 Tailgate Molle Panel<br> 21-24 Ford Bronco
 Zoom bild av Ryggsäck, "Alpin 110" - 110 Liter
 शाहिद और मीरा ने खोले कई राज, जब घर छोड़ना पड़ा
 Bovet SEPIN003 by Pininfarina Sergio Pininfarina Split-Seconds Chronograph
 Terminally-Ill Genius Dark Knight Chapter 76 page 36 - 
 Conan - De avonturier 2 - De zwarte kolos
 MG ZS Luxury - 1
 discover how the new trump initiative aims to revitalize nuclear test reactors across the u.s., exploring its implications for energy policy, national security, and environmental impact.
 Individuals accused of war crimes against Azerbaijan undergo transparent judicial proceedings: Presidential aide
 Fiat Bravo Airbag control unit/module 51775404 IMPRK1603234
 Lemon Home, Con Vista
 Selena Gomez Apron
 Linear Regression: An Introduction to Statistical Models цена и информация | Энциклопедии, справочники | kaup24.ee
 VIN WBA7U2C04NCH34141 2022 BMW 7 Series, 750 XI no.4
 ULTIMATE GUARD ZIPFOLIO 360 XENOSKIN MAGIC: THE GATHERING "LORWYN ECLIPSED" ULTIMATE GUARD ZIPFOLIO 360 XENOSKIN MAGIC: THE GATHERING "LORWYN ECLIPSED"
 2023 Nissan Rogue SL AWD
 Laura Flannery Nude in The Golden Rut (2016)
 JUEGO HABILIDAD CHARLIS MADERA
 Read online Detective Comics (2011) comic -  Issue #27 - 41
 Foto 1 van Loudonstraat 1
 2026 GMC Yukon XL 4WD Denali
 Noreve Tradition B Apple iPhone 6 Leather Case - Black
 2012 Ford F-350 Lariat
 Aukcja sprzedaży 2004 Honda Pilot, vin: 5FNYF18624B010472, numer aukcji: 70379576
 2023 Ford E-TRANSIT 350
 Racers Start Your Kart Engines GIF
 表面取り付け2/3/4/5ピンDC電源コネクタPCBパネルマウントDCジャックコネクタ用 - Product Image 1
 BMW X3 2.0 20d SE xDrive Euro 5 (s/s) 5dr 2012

## Task requirements
From the first line of the records to the line containing "Linear Regression: An", inclusive, transcribe everything exactly and leave out the rest.

## Result of the exercise
 Tailgate Molle Panel<br> 21-24 Ford Bronco
 Zoom bild av Ryggsäck, "Alpin 110" - 110 Liter
 शाहिद और मीरा ने खोले कई राज, जब घर छोड़ना पड़ा
 Bovet SEPIN003 by Pininfarina Sergio Pininfarina Split-Seconds Chronograph
 Terminally-Ill Genius Dark Knight Chapter 76 page 36 - 
 Conan - De avonturier 2 - De zwarte kolos
 MG ZS Luxury - 1
 discover how the new trump initiative aims to revitalize nuclear test reactors across the u.s., exploring its implications for energy policy, national security, and environmental impact.
 Individuals accused of war crimes against Azerbaijan undergo transparent judicial proceedings: Presidential aide
 Fiat Bravo Airbag control unit/module 51775404 IMPRK1603234
 Lemon Home, Con Vista
 Selena Gomez Apron
 Linear Regression: An Introduction to Statistical Models цена и информация | Энциклопедии, справочники | kaup24.ee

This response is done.